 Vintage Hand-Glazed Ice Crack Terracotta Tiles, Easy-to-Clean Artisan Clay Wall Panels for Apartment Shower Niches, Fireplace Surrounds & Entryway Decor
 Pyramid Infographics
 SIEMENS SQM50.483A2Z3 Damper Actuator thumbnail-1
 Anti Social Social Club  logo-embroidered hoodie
----
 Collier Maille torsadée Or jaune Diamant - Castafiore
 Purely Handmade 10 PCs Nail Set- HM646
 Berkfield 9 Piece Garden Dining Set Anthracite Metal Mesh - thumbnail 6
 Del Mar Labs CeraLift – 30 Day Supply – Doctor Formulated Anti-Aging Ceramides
----
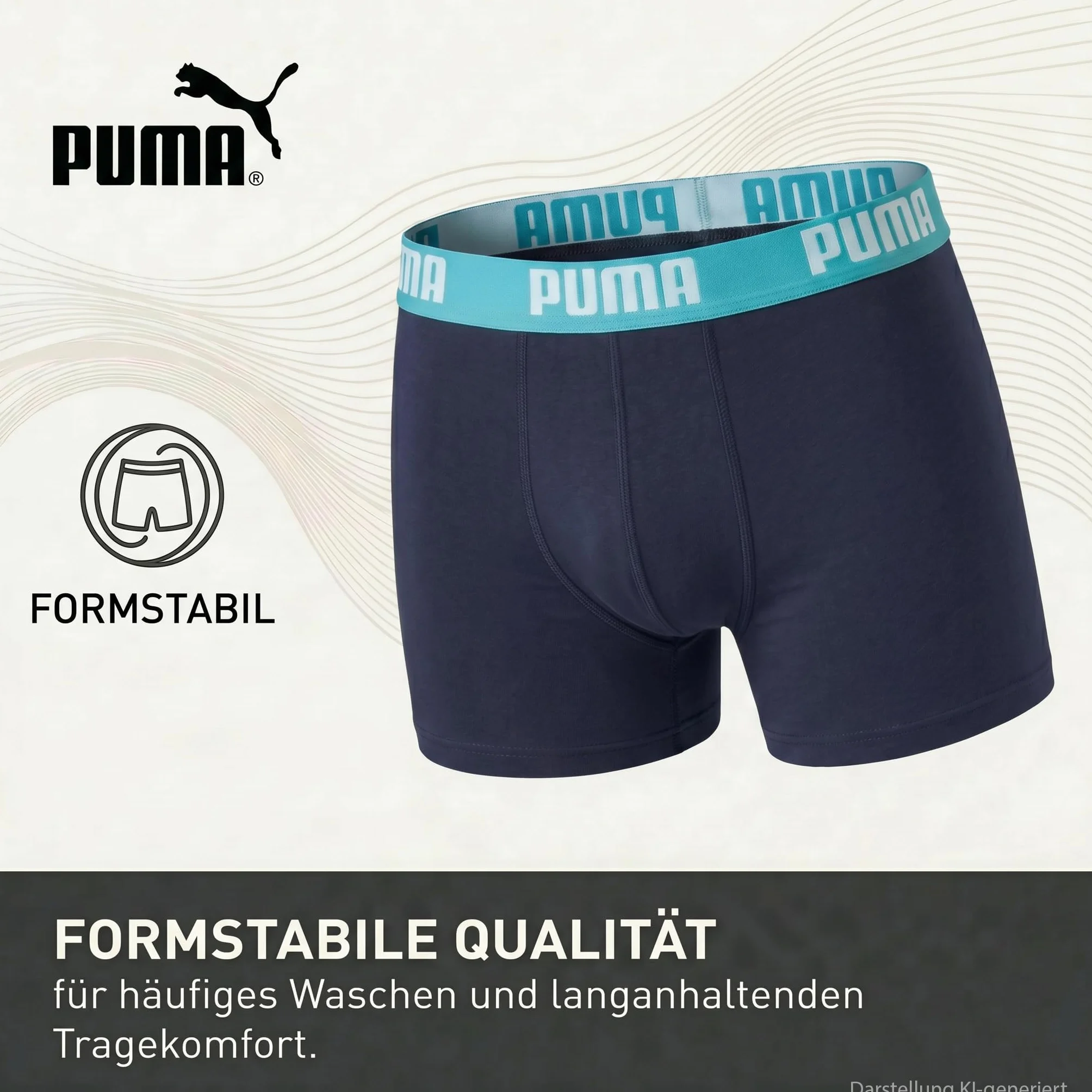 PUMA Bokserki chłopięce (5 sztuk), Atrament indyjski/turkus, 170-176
----
**TASK DESCRIPTION:** Which lines in the material above include the string "thumbnail"? Pull them out.

**RESPONSE:**
 SIEMENS SQM50.483A2Z3 Damper Actuator thumbnail-1
 Berkfield 9 Piece Garden Dining Set Anthracite Metal Mesh - thumbnail 6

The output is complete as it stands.